> [WHAT THE EXERCISE ASKS] Take the line that has "Mercedes-Benz G-Class 550 4matic Image 4" in it and every line after it to the end of the entries, and reproduce them exactly.

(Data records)

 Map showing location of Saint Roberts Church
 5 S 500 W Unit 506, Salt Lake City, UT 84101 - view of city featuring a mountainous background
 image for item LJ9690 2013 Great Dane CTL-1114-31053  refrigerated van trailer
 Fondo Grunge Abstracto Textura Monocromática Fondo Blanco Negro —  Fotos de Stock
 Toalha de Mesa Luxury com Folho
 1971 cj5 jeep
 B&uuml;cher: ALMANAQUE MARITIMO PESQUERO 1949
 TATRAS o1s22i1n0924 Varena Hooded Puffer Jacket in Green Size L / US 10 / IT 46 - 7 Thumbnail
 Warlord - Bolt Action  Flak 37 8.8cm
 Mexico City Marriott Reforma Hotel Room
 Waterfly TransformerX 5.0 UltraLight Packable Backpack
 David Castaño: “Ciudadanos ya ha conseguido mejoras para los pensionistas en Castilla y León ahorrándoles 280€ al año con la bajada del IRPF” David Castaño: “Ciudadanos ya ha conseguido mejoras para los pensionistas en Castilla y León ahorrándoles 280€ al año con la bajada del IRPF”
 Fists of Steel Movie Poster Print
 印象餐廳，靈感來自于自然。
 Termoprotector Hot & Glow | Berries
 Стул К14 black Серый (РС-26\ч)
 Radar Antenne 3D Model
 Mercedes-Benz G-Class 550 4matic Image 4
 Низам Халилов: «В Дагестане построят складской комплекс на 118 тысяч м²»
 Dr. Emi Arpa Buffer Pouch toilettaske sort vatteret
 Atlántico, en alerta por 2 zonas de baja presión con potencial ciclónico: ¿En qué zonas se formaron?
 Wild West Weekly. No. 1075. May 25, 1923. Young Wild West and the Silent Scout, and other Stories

> [EXERCISE RESULT]
 Mercedes-Benz G-Class 550 4matic Image 4
 Низам Халилов: «В Дагестане построят складской комплекс на 118 тысяч м²»
 Dr. Emi Arpa Buffer Pouch toilettaske sort vatteret
 Atlántico, en alerta por 2 zonas de baja presión con potencial ciclónico: ¿En qué zonas se formaron?
 Wild West Weekly. No. 1075. May 25, 1923. Young Wild West and the Silent Scout, and other Stories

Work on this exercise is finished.